Si des moyens supplémentaires devaient être attribués à nos opérateurs, ce que souhaite votre rapporteure, ils devraient aller prioritairement au renforcement de leur présence dans les pays émergents. Comme on l’a vu, dans les années qui viennent, la croissance des richesses, donc celle des flux commerciaux, ne sera pas en Europe.

Les réseaux des opérateurs à l’international ont commencé à intégrer cette réalité : ainsi qu’on peut le voir sur les graphiques qui suivent, les réseaux des acteurs du soutien à l’export sont déjà moins « euro-centrés » que notre commerce extérieur, puisque seuls 31% des 850 agents d’Ubifrance en poste à l’étranger et 22 % des 310 agents opérationnels des services économiques du Trésor qui sont en charge de l’appui aux entreprises et aux grands projets (d’autres faisant de la veille stratégique et du suivi de la situation des pays) travaillent en Europe, alors que celle-ci représente encore plus de 60 % de notre commerce extérieur.

Pourtant, force est de constater qu’Ubifrance, par exemple, n’est présent directement que dans cinq pays d’Afrique subsaharienne (Afrique du sud, Angola, Cameroun, Côte d’Ivoire et Kenya), auxquels s’ajoutent trois pays où il représenté par un délégataire de service public (République démocratique du Congo, Madagascar et Nigeria). De même, la présence directe de l’agence est limitée à cinq pays latino-américains, auxquels s’ajoutent deux pays pris en charge à travers une délégation de service public.

Il reste donc, de toute évidence, des opportunités commerciales qui sont mal couvertes. Au demeurant, Ubifrance a l’intention d’ouvrir prochainement des bureaux au Congo, au Ghana et au Sénégal. Quelques moyens supplémentaires permettraient certainement de compléter utilement ce réseau.

La répartition géographique des personnels d’Ubifrance à l’étranger

Source : graphique élaboré à partir de données d’Ubifrance.

La répartition géographique des agents des services économiques chargés de l’appui aux entreprises et aux grands projets (fin 2012)

Source : graphique élaboré à partir de données de la direction générale du Trésor.

Quant au réseau de l’AFII, beaucoup plus petit (environ 90 personnes hors de France), il reste également beaucoup plus centré sur l’Europe et l’Amérique du Nord, d’où proviennent encore, de fait, la grande majorité des investissements dans notre pays.

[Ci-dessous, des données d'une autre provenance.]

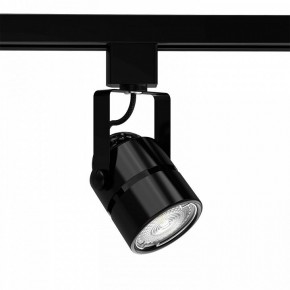 Светильник на штанге Gauss Track Light TR003 в Качканаре - kachkanar.ok-mebel.com | фото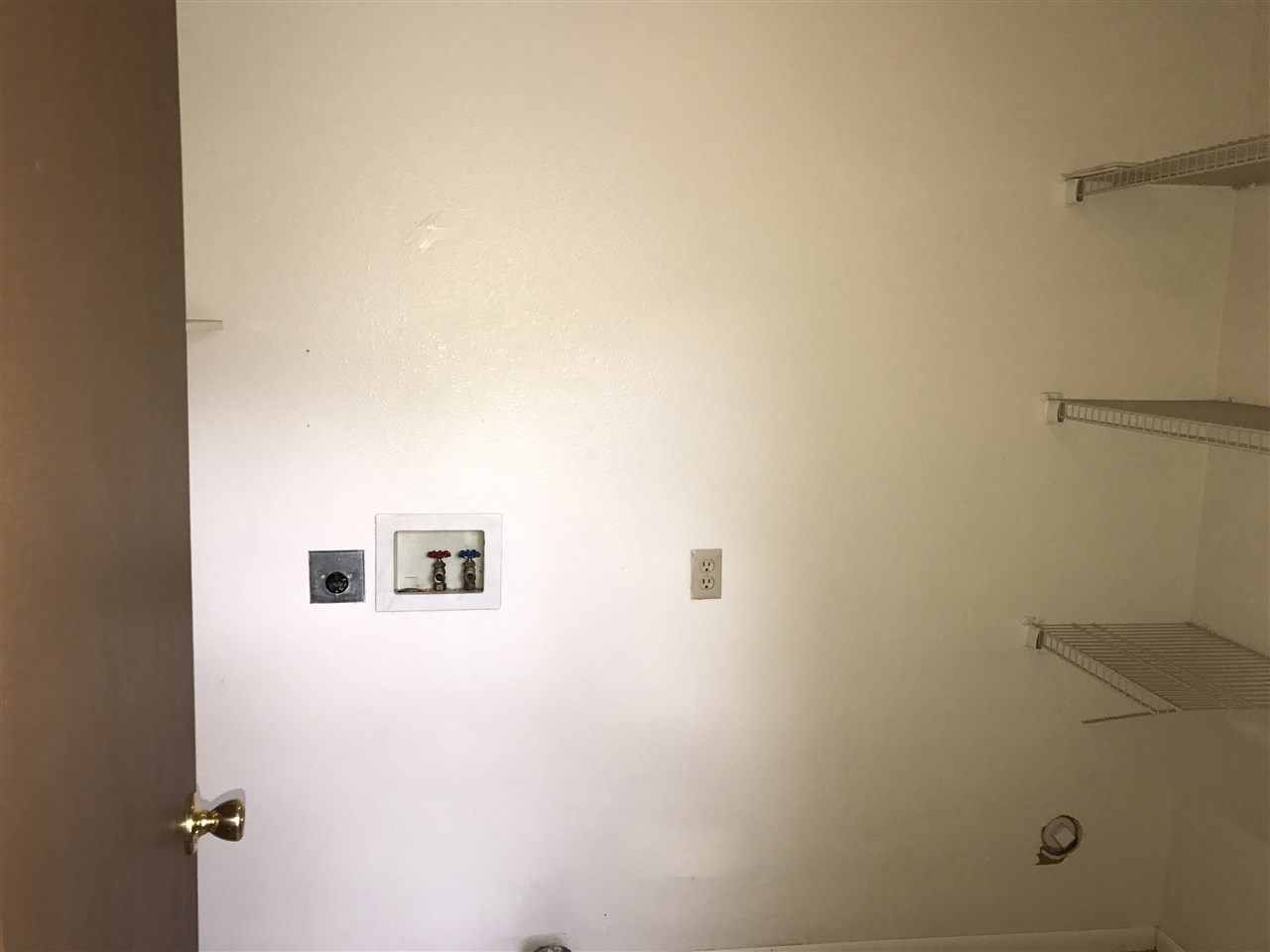 428 Rio Vista Road Grand Junction, CO 81507 - Photo 18 of 33 Gallery Image 18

La répartition géographique des agents de l’AFII à l’étranger (septembre 2013)

Source : graphique élaboré à partir de données de l’AFII.

Hors d’Europe occidentale, l’AFII n’est présente directement (elle peut aussi être présente indirectement en étant représentée par des agents des services économiques) que dans un nombre limité de pays : Canada, États-Unis, Brésil, Russie, Turquie, Israël, Émirats Arabes Unis, Inde, Singapour, Chine, Corée du Sud et Japon. L’AFII n’a donc d’antennes que dans une poignée de pays émergents, les plus grands, et est absente de pays majeurs tels que, par exemple, le Mexique, l’Afrique du Sud, l’Indonésie ou le Vietnam. Or, un soutien plus important à cette structure nous paraît opportun.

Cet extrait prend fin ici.